◆ **WHAT THE TASK REQUIRES**: Exactly the lines from the one holding "韩国Mardi卫衣赵露思同款" through the last line of the listing below must appear in the answer, and no pictures.
BEGIN RECORDS PROVIDED
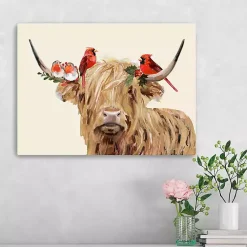 Christmas Art & Wall Decor>Kirklands Home Holiday Cow Canvas Art Print Tan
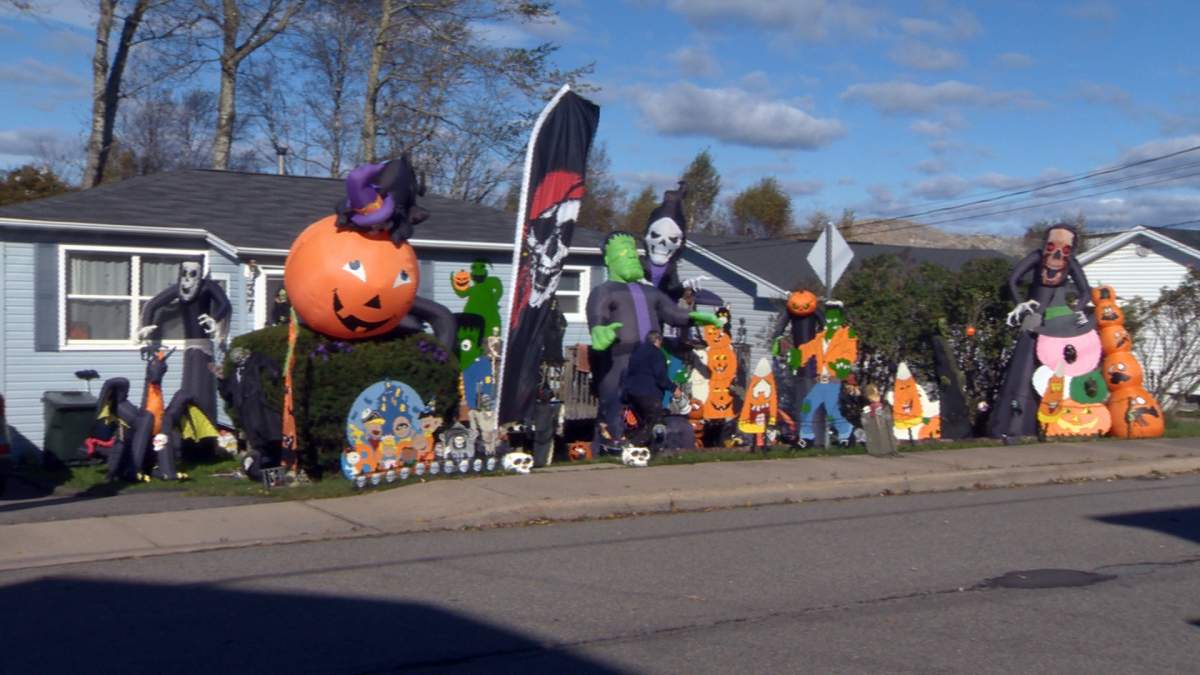 Saint John resident Barb Reicker has hundreds of Halloween decorations on her lawn.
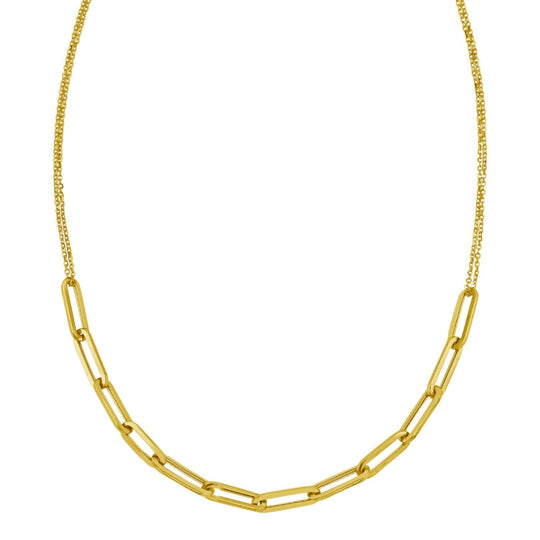 14K yellow gold paperclip link necklace with adjustable sliding closure
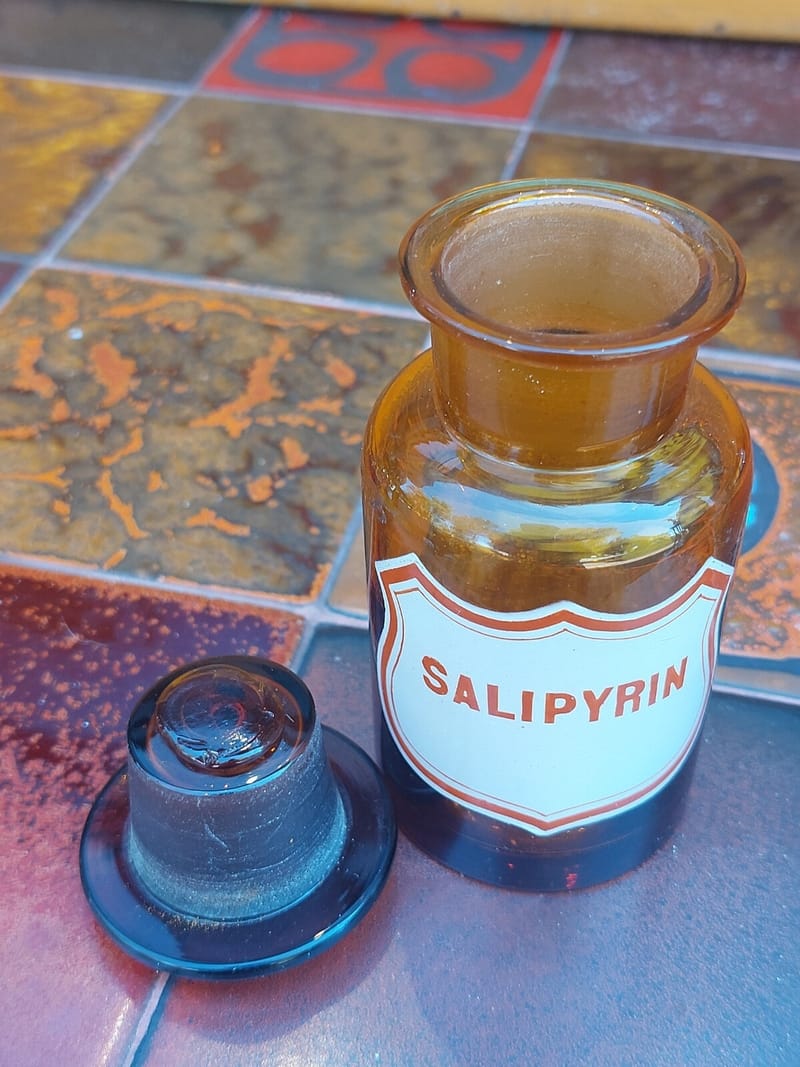 Flacon Pharmacie Verre Apothicaire Ancien Salipyrin Vide — vue 3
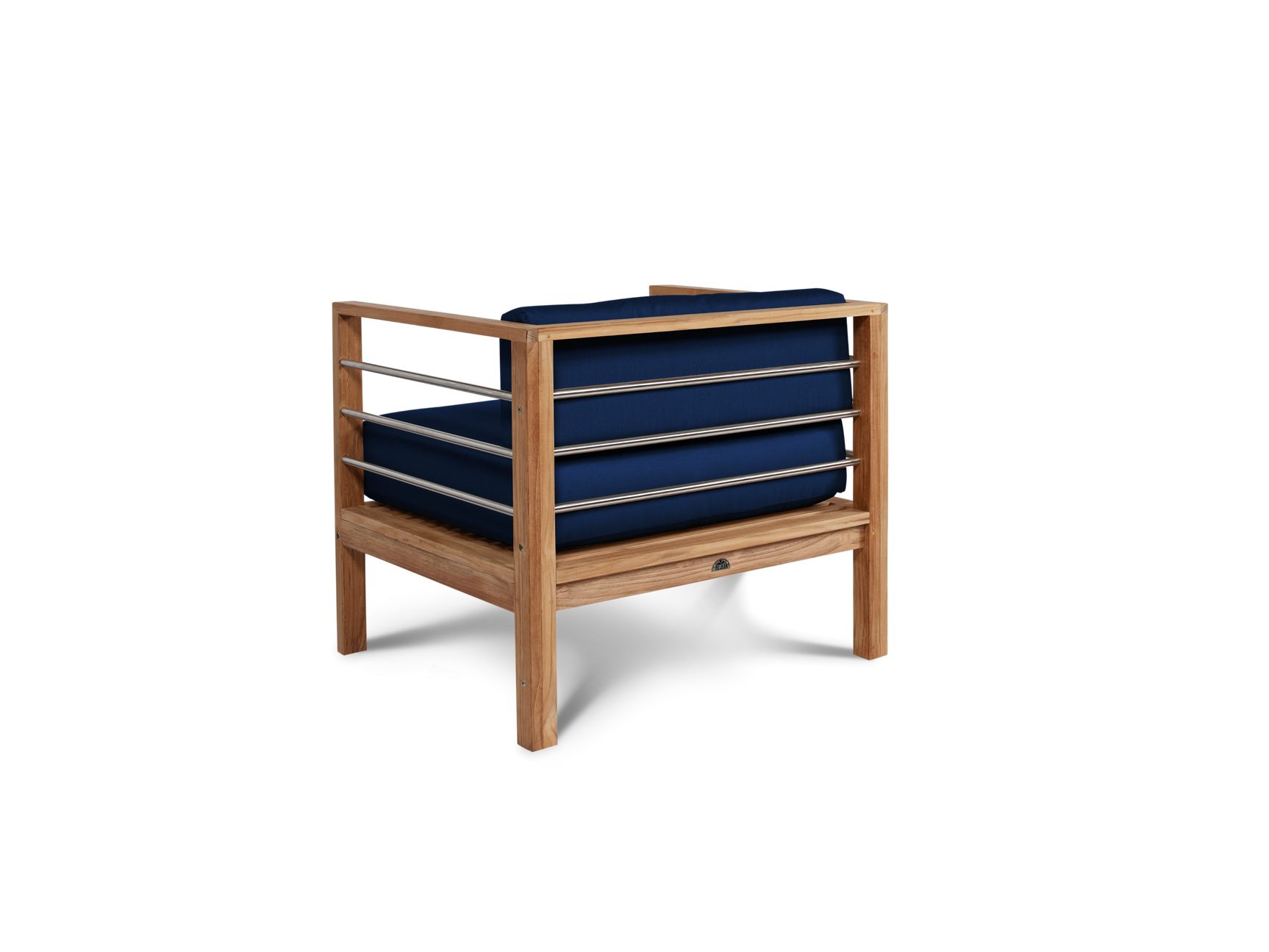 SoHo 4-Piece Teak Navy Outdoor Patio Deep Seating Set with Sunbrella® Cushion - Ornate Home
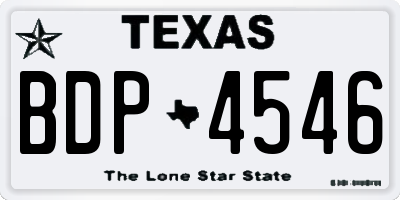 TX license plate BDP4546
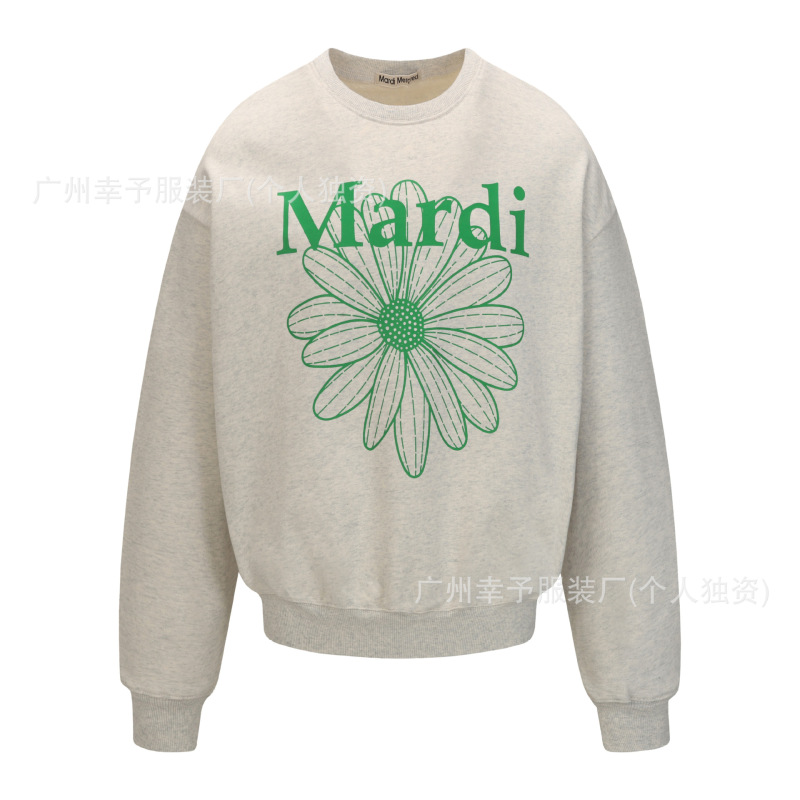 韩国Mardi卫衣赵露思同款小雏菊腊肠狗女秋冬刺绣印花套头圆领外|undefined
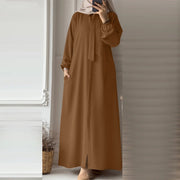 Womens Solid-color Loose-fitting Cardigan Long Dress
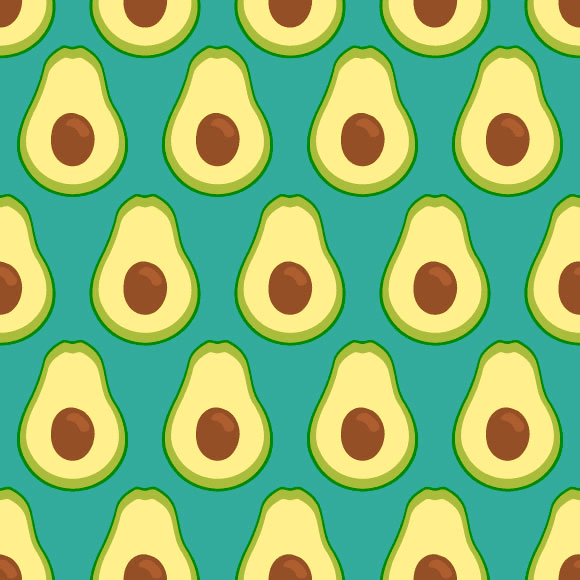 Sliced avocado seamless vector pattern. Flat design fruit illustration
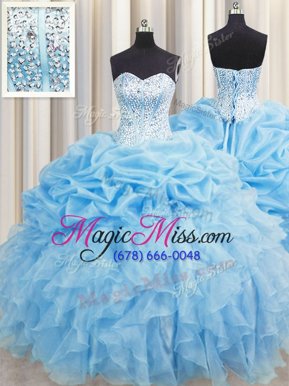 Clearance Pick Ups Visible Boning Baby Blue Sleeveless Organza Lace Up Quinceanera Gowns for Military Ball and Sweet 16 and Quinceanera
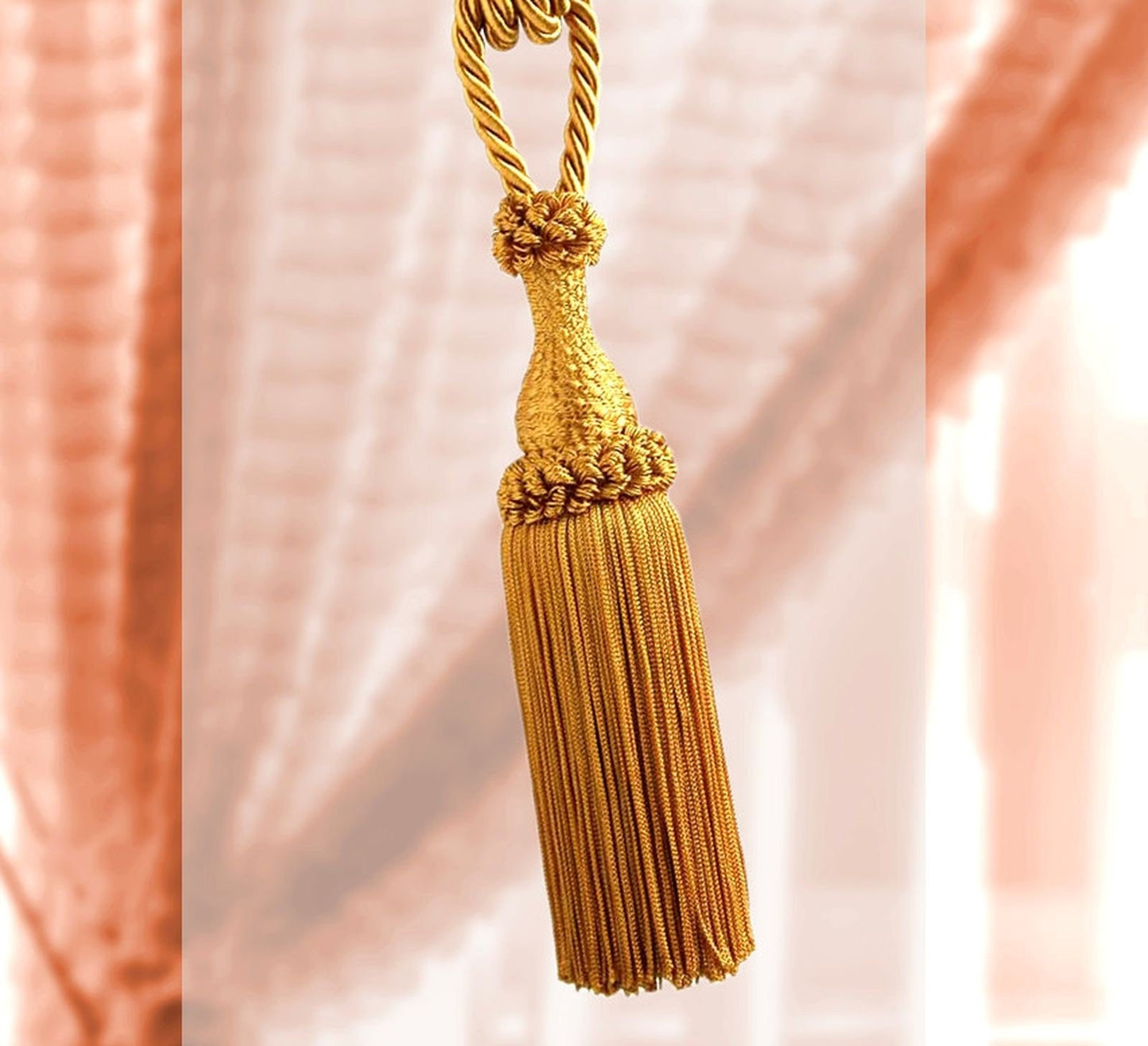 Curtain Tiebacks with Large Tassel 20cm - Dark Gold | Made in Florence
END RECORDS PROVIDED
◆ **TASK ANSWER**:
 韩国Mardi卫衣赵露思同款小雏菊腊肠狗女秋冬刺绣印花套头圆领外|undefined
 Womens Solid-color Loose-fitting Cardigan Long Dress
 Sliced avocado seamless vector pattern. Flat design fruit illustration
 Clearance Pick Ups Visible Boning Baby Blue Sleeveless Organza Lace Up Quinceanera Gowns for Military Ball and Sweet 16 and Quinceanera
 Curtain Tiebacks with Large Tassel 20cm - Dark Gold | Made in Florence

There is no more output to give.